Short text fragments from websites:
* * * *

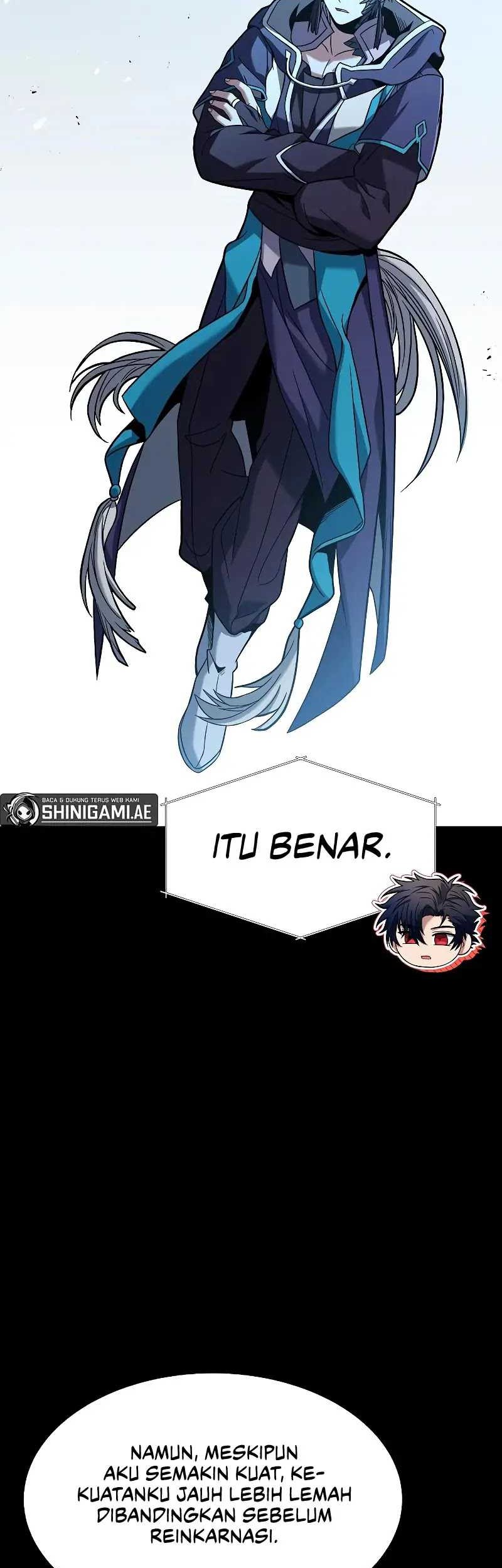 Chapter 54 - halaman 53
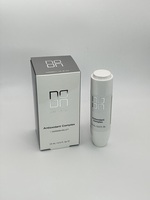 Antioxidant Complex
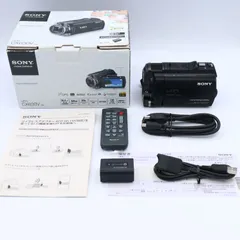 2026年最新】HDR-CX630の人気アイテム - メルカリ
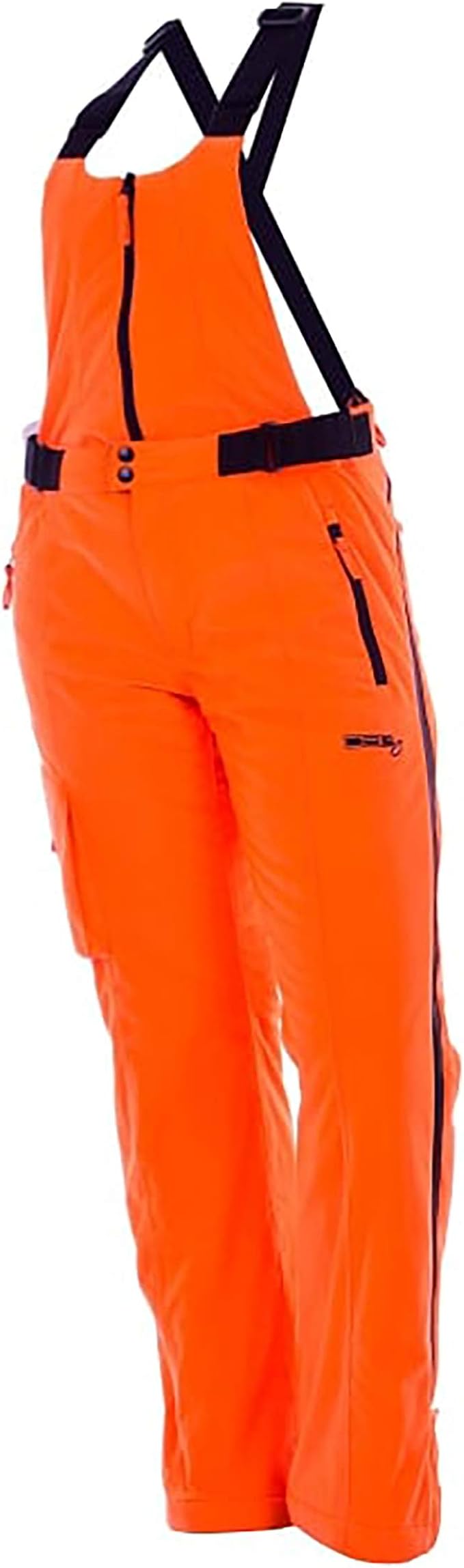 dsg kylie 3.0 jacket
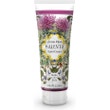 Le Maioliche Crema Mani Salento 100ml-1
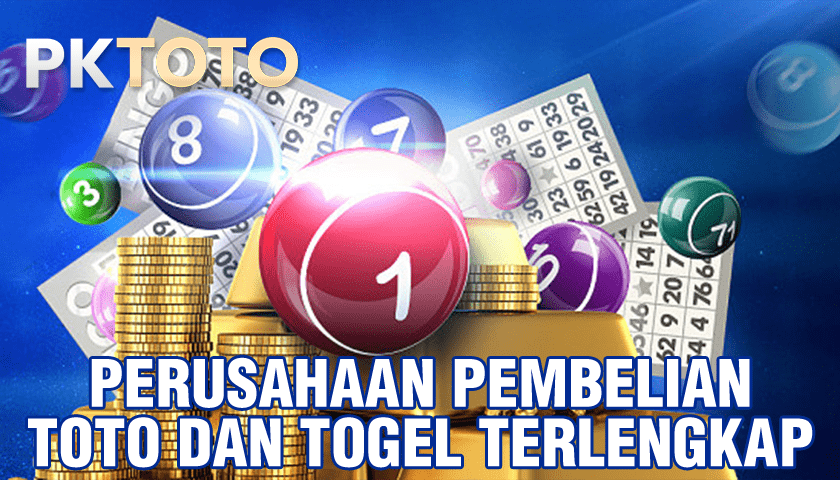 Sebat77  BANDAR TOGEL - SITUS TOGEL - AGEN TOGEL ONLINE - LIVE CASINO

* * * *

* _Instructions for the task_
Restate the records above verbatim. Pictures stay out.

* _Reply to the task_
 Chapter 54 - halaman 53
 Antioxidant Complex
 2026年最新】HDR-CX630の人気アイテム - メルカリ
 dsg kylie 3.0 jacket
 Le Maioliche Crema Mani Salento 100ml-1
 Sebat77  BANDAR TOGEL - SITUS TOGEL - AGEN TOGEL ONLINE - LIVE CASINO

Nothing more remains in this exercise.